About this exercise: Nothing but the lines below from the one holding "Pisanki Ażurowe [openwork eggs]" up to and including the one holding "FW Gold Plated" should be copied, exactly and without pictures.

Data:
==========

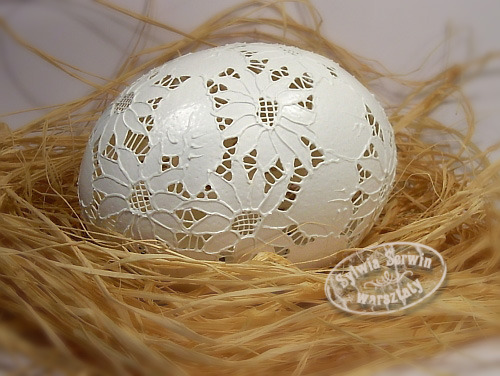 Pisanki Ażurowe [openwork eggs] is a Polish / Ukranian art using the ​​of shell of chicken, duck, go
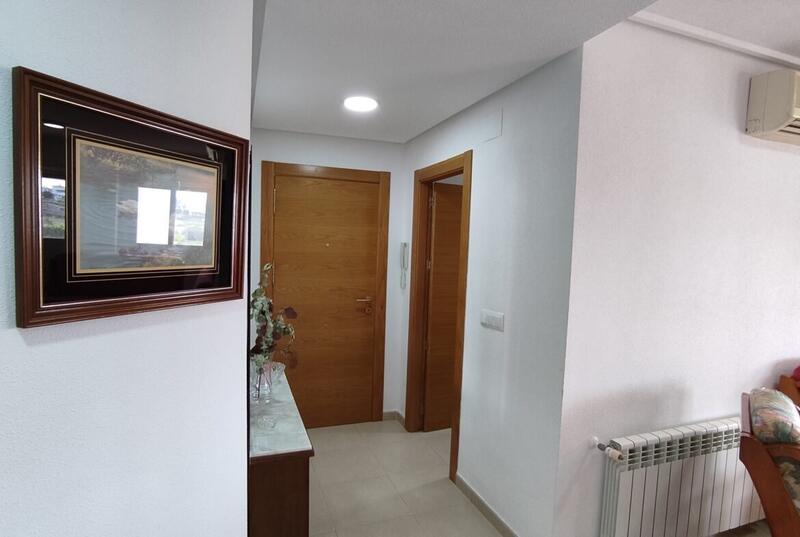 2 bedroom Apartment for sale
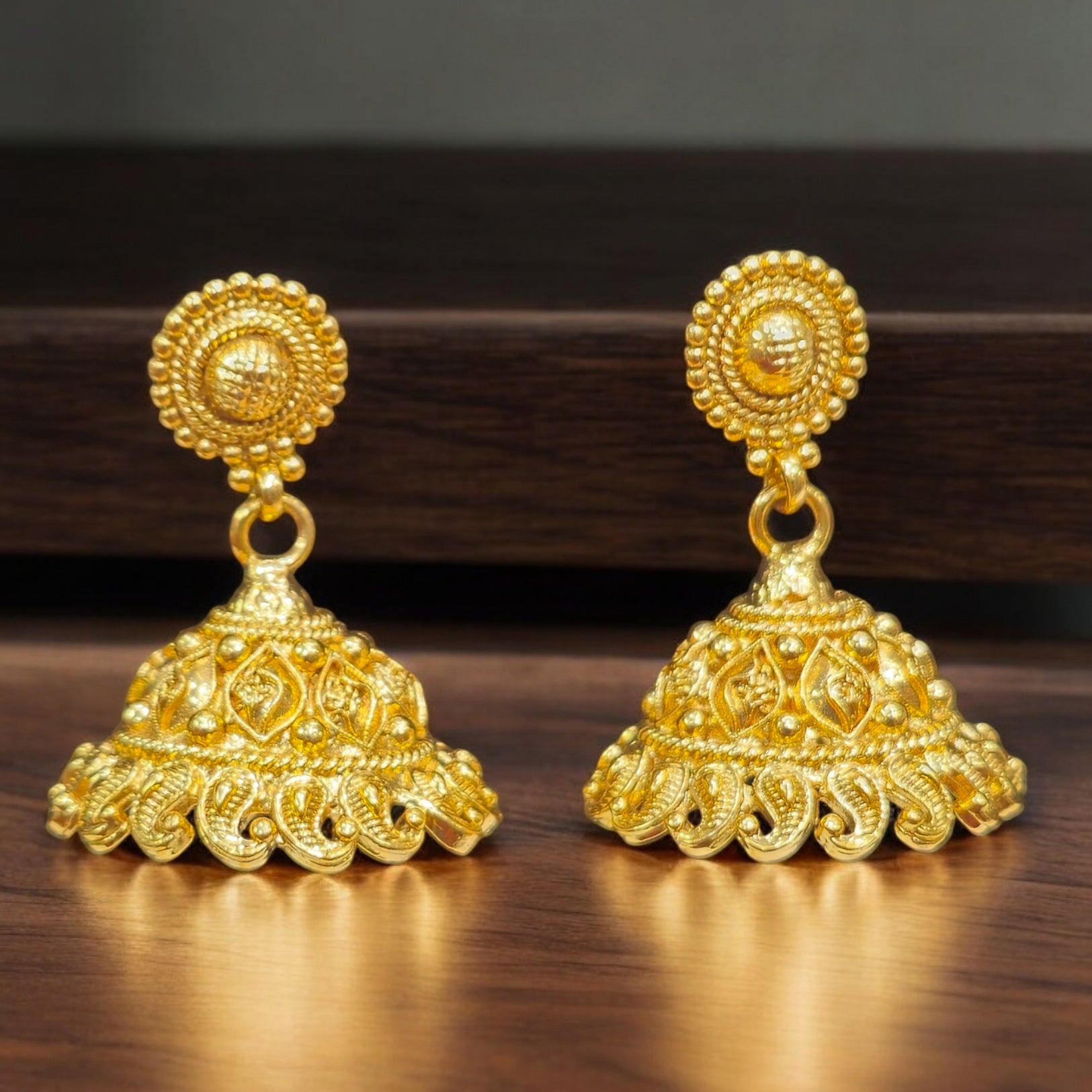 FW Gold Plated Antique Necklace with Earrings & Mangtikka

==========

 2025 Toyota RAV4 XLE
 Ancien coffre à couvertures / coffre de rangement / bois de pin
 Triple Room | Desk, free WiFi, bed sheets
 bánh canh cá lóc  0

==========

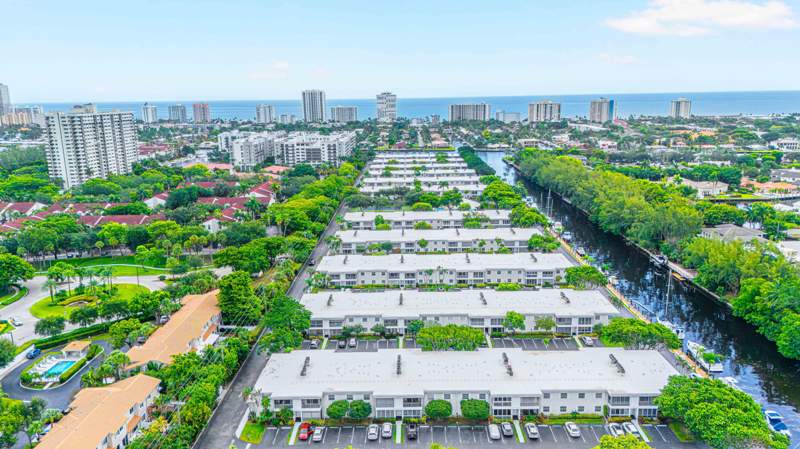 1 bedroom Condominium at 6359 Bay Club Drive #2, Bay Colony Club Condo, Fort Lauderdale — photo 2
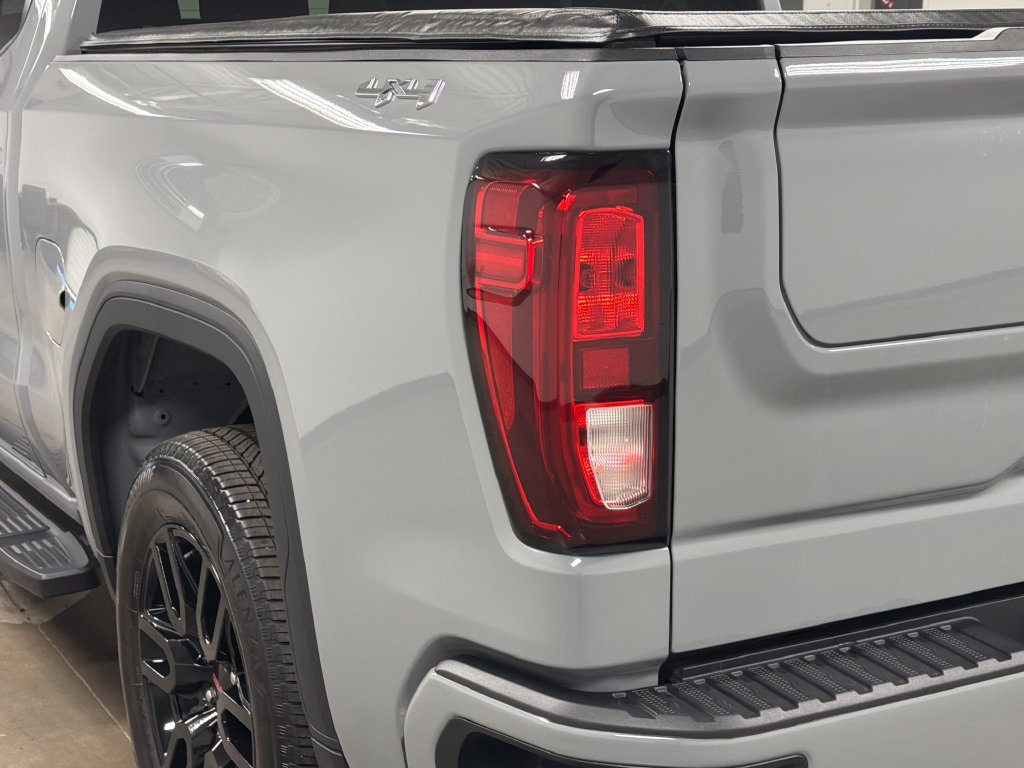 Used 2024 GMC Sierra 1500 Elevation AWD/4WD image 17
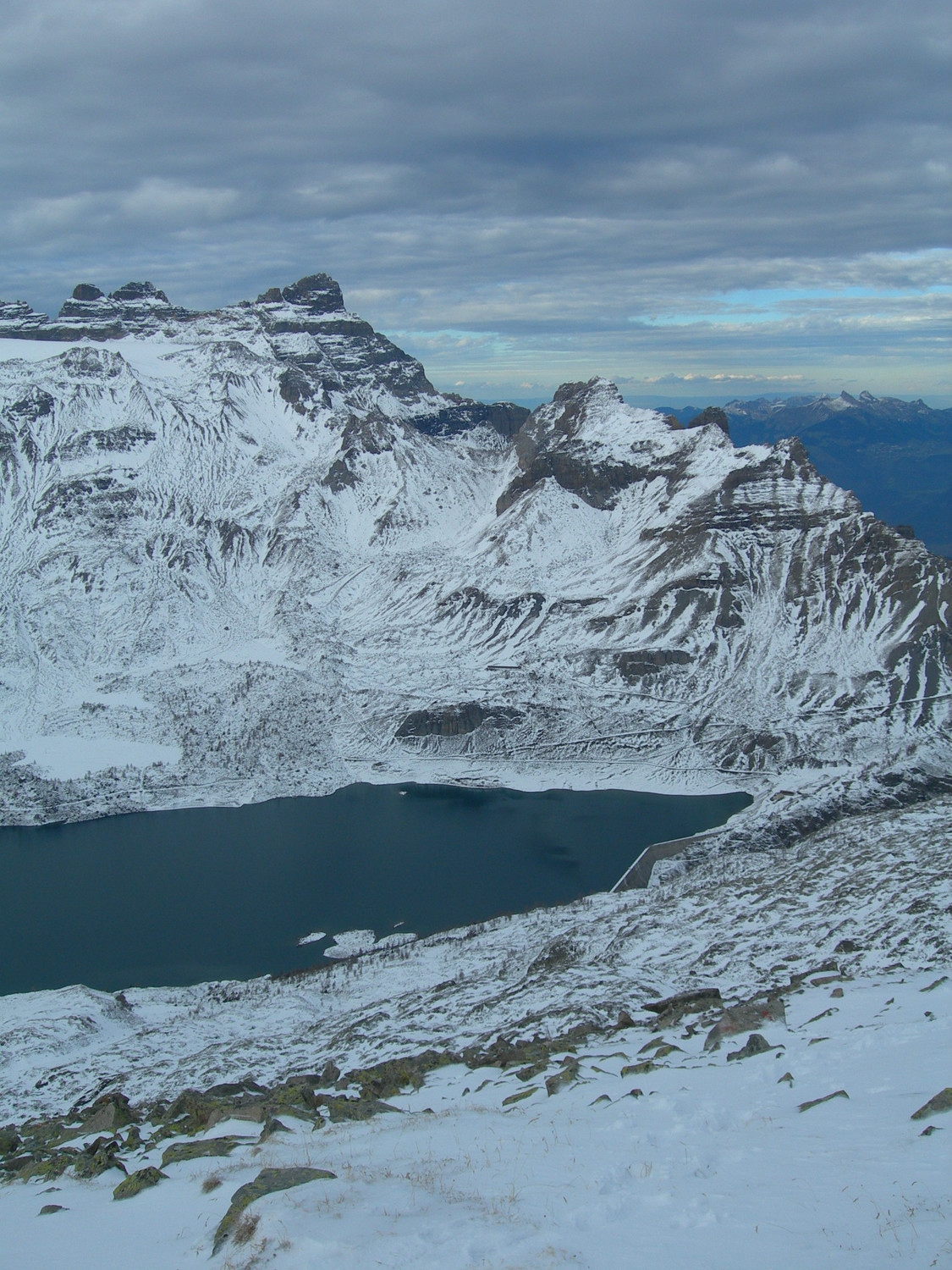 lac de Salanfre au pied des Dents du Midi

==========

Output of the task:
 Pisanki Ażurowe [openwork eggs] is a Polish / Ukranian art using the ​​of shell of chicken, duck, go
 2 bedroom Apartment for sale
 FW Gold Plated Antique Necklace with Earrings & Mangtikka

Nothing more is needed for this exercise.